Omata School branches out
Omata School has branched out to take learning beyond the classrooms into the school yard.
For the past two terms all 170 children who attend the semirural school have been mucking in to help transform a blank dirt canvas into an orchard.
Along the way the orchard project took on a life of its own.
After a ‘productive school garden’ seed was planted two years back, principal Karen Brisco decided the time was ripe to add a few fruit trees.
‘‘This simple idea quickly turned into a major project as the whole school embarked on a rich topic to learn about, plan and then ultimately to plant an orchard,’’ Brisco said.
The project aimed to create a ‘sustainable, visually enticing, accessible space where children and community can connect with nature and nutrition,’ she said.
Guiding them was landscape designer Bena Denton whose wealth of knowledge and enthusiasm for the orchard was contagious. She provided the specifics by giving structure to the children’s ideas, and volunteered on the ground.
‘‘It was fun doing the plans and research,’’ said student Eva Niedermayr. ’’We’ve learnt heaps, like how to centre plants, and it’s been fun getting dirty,’’ her schoolmate Amahlia Williams said.
The project ran curriculum deep with students using maths, literacy, geography, and other areas of school work for the ever evolving work in progress.
Phase one was the design stage where kids put their design talents to the test at the drawing board.
‘‘What blew me away is that the children have incredible ideas, they don’t need help designing an orchard. They’ve got that sussed. What they needed help with is structuring those ideas,’’ Denton said.

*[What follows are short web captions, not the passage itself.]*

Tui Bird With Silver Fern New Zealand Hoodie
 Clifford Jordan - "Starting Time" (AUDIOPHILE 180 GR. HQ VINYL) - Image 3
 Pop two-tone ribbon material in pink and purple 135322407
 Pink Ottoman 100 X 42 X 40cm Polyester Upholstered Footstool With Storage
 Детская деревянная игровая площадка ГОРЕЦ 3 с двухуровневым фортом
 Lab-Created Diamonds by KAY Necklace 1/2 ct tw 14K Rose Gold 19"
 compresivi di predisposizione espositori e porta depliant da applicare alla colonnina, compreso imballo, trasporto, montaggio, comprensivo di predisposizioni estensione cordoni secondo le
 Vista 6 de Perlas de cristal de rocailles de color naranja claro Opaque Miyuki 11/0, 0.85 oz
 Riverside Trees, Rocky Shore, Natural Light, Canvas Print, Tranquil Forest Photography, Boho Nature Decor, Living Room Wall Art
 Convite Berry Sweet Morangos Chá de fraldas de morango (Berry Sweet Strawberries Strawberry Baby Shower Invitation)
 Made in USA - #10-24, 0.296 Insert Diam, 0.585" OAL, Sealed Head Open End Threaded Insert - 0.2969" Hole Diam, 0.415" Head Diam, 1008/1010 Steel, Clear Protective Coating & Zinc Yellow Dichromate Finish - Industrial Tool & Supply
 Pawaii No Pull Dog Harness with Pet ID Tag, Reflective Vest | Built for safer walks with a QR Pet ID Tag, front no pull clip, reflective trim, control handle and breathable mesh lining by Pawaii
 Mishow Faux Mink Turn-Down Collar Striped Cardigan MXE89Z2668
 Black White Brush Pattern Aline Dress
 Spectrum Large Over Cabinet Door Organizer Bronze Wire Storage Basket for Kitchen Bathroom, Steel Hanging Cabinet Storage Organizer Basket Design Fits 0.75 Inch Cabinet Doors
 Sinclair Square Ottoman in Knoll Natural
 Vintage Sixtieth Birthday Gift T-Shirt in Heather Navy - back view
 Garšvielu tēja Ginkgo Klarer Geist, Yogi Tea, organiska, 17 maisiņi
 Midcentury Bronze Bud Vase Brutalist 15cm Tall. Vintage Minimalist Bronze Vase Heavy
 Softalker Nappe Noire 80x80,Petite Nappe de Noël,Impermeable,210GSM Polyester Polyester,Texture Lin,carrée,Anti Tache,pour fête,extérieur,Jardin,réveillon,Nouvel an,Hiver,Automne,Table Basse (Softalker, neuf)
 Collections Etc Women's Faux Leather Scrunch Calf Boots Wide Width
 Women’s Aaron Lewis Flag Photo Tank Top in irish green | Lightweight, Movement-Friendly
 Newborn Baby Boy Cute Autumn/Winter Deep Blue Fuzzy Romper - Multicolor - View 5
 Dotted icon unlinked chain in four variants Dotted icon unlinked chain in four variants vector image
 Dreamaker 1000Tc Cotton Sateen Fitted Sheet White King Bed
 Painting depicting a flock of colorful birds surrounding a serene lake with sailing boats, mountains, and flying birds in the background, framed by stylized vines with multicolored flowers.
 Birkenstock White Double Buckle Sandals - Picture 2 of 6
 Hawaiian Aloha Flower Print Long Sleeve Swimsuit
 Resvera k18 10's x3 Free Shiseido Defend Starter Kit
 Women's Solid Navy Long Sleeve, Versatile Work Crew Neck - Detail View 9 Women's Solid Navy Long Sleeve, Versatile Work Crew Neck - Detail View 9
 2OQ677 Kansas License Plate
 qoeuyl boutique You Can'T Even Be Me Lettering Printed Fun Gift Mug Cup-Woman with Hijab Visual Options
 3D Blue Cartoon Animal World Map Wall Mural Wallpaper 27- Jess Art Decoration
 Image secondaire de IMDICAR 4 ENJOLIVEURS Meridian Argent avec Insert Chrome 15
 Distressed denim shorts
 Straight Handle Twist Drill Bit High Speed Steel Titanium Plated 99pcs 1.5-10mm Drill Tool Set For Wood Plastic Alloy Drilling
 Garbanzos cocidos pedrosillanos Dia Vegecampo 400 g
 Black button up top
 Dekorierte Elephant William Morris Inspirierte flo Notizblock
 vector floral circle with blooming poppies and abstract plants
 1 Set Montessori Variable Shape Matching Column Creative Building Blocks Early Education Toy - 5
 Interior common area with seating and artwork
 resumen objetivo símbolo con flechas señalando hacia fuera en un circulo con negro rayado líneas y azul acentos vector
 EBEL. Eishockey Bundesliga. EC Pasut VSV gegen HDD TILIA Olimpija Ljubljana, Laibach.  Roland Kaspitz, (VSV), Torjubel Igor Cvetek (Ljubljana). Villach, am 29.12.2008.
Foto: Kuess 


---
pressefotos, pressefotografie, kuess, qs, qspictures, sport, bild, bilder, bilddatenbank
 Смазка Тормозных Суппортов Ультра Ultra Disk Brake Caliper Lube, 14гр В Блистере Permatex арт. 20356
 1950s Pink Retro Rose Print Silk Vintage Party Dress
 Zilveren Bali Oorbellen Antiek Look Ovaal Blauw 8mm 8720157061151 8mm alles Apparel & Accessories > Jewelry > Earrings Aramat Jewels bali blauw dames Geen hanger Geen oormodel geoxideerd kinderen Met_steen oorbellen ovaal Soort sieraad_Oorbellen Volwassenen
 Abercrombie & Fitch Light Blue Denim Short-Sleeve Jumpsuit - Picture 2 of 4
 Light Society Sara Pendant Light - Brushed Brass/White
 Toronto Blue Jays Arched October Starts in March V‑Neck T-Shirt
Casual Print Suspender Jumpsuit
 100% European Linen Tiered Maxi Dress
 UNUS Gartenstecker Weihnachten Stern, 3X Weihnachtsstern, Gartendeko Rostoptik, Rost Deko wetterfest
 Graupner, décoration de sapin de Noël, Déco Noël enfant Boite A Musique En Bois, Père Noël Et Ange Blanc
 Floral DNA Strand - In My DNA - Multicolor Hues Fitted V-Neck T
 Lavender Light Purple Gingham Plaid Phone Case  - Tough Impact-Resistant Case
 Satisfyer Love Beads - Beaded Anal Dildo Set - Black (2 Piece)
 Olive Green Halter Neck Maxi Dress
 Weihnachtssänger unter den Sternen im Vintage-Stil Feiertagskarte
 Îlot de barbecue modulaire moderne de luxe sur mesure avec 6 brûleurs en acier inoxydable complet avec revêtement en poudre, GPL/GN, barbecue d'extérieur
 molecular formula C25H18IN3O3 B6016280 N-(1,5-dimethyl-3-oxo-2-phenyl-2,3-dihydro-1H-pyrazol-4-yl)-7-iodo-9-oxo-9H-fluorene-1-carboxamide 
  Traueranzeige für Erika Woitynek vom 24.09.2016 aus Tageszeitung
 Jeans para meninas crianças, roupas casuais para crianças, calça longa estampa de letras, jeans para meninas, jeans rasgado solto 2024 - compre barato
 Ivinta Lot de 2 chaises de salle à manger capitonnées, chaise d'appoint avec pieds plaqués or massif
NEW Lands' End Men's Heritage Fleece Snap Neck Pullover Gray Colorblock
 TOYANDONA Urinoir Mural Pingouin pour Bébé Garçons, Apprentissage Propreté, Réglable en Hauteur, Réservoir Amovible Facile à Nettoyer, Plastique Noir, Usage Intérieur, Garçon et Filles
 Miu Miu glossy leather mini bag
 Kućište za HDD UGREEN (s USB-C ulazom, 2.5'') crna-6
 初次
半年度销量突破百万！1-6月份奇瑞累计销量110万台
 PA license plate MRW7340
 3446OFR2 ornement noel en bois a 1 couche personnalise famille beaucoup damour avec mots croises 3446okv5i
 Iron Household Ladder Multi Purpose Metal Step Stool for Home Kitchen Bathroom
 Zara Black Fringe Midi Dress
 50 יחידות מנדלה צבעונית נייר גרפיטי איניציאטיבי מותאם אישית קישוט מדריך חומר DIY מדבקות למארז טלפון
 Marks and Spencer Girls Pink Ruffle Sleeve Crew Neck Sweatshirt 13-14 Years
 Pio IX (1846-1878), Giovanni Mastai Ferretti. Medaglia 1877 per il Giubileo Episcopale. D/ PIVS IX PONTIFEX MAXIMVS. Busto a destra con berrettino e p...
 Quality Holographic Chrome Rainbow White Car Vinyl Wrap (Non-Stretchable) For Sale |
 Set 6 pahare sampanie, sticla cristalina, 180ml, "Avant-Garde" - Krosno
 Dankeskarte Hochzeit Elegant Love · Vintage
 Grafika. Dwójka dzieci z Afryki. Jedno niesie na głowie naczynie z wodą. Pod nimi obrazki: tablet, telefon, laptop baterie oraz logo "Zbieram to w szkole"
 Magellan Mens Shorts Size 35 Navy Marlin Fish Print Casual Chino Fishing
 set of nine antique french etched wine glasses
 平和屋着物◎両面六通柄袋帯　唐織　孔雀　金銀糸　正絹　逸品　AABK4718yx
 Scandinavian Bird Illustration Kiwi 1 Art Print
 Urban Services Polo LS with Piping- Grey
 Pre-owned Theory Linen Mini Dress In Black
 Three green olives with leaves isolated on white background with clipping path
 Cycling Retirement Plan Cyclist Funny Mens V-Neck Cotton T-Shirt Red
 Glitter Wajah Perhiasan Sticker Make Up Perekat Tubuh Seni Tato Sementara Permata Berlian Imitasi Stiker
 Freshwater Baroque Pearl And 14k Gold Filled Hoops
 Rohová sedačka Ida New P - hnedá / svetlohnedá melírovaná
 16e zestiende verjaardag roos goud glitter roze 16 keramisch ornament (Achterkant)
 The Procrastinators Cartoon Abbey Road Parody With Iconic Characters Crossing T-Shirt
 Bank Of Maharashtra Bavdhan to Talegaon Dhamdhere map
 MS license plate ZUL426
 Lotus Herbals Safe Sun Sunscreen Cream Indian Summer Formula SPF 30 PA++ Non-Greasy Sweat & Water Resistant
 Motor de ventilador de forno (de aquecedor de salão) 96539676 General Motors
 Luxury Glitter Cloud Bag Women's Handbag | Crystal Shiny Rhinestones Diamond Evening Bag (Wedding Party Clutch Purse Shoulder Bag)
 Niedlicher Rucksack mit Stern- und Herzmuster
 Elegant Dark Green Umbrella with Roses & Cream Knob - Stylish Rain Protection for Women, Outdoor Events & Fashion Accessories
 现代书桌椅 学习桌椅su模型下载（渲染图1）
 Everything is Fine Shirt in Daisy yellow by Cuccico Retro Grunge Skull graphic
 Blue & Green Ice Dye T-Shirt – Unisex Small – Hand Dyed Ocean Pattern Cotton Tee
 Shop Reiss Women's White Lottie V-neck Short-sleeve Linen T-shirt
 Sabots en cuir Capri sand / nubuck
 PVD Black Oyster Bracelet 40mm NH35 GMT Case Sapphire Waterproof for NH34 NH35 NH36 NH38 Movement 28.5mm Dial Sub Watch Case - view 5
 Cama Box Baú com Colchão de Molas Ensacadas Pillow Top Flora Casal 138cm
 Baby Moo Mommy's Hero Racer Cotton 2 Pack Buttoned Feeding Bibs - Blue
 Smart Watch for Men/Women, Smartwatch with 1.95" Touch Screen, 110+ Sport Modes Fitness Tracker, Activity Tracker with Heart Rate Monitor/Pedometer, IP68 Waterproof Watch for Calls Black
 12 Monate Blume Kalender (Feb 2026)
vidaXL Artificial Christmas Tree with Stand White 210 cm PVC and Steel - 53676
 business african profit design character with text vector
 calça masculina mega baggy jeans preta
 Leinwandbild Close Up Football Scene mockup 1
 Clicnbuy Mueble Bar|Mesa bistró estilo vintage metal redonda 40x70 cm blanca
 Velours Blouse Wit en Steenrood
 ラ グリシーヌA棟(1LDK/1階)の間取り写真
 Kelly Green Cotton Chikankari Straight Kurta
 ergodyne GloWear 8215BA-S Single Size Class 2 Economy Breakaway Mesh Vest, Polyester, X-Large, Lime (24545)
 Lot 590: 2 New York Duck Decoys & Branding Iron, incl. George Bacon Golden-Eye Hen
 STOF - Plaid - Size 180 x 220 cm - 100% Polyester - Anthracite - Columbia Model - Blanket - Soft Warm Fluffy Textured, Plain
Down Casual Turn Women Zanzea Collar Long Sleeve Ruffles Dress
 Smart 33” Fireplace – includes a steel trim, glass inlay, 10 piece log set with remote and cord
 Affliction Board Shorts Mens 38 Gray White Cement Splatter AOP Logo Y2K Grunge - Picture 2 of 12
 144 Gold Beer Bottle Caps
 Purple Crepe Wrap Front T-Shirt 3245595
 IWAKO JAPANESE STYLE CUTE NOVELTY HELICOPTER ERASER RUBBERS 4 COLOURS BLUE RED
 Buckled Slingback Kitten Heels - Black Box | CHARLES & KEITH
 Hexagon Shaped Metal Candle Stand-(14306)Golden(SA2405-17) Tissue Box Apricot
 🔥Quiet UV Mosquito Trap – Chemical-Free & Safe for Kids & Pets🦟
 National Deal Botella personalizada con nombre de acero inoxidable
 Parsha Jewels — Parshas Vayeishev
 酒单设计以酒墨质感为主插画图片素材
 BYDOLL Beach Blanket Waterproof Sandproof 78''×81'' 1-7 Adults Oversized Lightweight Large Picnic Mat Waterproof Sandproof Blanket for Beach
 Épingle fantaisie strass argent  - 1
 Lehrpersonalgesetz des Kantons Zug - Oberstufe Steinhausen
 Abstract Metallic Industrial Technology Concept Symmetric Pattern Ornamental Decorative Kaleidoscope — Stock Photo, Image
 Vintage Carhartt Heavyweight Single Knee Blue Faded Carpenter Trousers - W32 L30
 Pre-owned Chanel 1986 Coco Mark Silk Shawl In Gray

To date the orchard has young fruit trees, berry bushes and ground covers, most of which are edible or support species for those edibles and recently students planted native trees for a shelter belt to protect them. Everything in the orchard was donated and parents helped during working bees to put in the hard scaping.
NB: Sadly, many of the plants were stolen but the community has responded magnificently and most of the plants have already been replaced.
Amahlia Williams all good with getting her hands dirty planting trees for the orchard shelter belt.